(What to work on) Return the full listing, so that each line matches the original exactly.

(Material to process)

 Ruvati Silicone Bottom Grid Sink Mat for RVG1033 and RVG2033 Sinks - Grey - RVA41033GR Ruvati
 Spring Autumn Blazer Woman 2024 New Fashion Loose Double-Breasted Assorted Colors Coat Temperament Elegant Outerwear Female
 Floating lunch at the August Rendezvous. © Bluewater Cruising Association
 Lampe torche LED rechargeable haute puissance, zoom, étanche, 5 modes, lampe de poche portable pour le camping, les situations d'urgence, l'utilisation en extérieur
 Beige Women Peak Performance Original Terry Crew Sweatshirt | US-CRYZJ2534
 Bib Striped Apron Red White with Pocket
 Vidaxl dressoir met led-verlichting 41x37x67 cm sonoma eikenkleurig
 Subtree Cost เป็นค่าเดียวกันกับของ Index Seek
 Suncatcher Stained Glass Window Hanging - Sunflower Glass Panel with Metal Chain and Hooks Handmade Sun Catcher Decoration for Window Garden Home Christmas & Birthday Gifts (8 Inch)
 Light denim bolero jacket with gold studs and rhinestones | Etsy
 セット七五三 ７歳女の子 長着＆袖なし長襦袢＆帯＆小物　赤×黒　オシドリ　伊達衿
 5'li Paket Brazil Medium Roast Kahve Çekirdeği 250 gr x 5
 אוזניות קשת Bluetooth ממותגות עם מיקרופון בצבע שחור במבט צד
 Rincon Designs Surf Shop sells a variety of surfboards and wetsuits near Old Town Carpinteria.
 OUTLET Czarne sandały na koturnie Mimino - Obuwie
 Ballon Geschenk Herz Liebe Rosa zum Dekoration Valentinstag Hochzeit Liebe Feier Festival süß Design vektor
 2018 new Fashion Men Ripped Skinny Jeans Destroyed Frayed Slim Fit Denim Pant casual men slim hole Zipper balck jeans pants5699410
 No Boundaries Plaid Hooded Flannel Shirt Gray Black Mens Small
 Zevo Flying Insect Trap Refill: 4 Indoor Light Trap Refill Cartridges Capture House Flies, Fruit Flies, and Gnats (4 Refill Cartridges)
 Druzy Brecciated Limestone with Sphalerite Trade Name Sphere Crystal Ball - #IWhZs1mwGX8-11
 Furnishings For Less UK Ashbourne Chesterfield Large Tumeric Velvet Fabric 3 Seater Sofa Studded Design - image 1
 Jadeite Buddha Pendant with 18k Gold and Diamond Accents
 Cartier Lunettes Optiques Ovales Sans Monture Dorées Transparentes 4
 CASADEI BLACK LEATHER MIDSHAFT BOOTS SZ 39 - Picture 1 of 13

(The answer)
 Ruvati Silicone Bottom Grid Sink Mat for RVG1033 and RVG2033 Sinks - Grey - RVA41033GR Ruvati
 Spring Autumn Blazer Woman 2024 New Fashion Loose Double-Breasted Assorted Colors Coat Temperament Elegant Outerwear Female
 Floating lunch at the August Rendezvous. © Bluewater Cruising Association
 Lampe torche LED rechargeable haute puissance, zoom, étanche, 5 modes, lampe de poche portable pour le camping, les situations d'urgence, l'utilisation en extérieur
 Beige Women Peak Performance Original Terry Crew Sweatshirt | US-CRYZJ2534
 Bib Striped Apron Red White with Pocket
 Vidaxl dressoir met led-verlichting 41x37x67 cm sonoma eikenkleurig
 Subtree Cost เป็นค่าเดียวกันกับของ Index Seek
 Suncatcher Stained Glass Window Hanging - Sunflower Glass Panel with Metal Chain and Hooks Handmade Sun Catcher Decoration for Window Garden Home Christmas & Birthday Gifts (8 Inch)
 Light denim bolero jacket with gold studs and rhinestones | Etsy
 セット七五三 ７歳女の子 長着＆袖なし長襦袢＆帯＆小物　赤×黒　オシドリ　伊達衿
 5'li Paket Brazil Medium Roast Kahve Çekirdeği 250 gr x 5
 אוזניות קשת Bluetooth ממותגות עם מיקרופון בצבע שחור במבט צד
 Rincon Designs Surf Shop sells a variety of surfboards and wetsuits near Old Town Carpinteria.
 OUTLET Czarne sandały na koturnie Mimino - Obuwie
 Ballon Geschenk Herz Liebe Rosa zum Dekoration Valentinstag Hochzeit Liebe Feier Festival süß Design vektor
 2018 new Fashion Men Ripped Skinny Jeans Destroyed Frayed Slim Fit Denim Pant casual men slim hole Zipper balck jeans pants5699410
 No Boundaries Plaid Hooded Flannel Shirt Gray Black Mens Small
 Zevo Flying Insect Trap Refill: 4 Indoor Light Trap Refill Cartridges Capture House Flies, Fruit Flies, and Gnats (4 Refill Cartridges)
 Druzy Brecciated Limestone with Sphalerite Trade Name Sphere Crystal Ball - #IWhZs1mwGX8-11
 Furnishings For Less UK Ashbourne Chesterfield Large Tumeric Velvet Fabric 3 Seater Sofa Studded Design - image 1
 Jadeite Buddha Pendant with 18k Gold and Diamond Accents
 Cartier Lunettes Optiques Ovales Sans Monture Dorées Transparentes 4
 CASADEI BLACK LEATHER MIDSHAFT BOOTS SZ 39 - Picture 1 of 13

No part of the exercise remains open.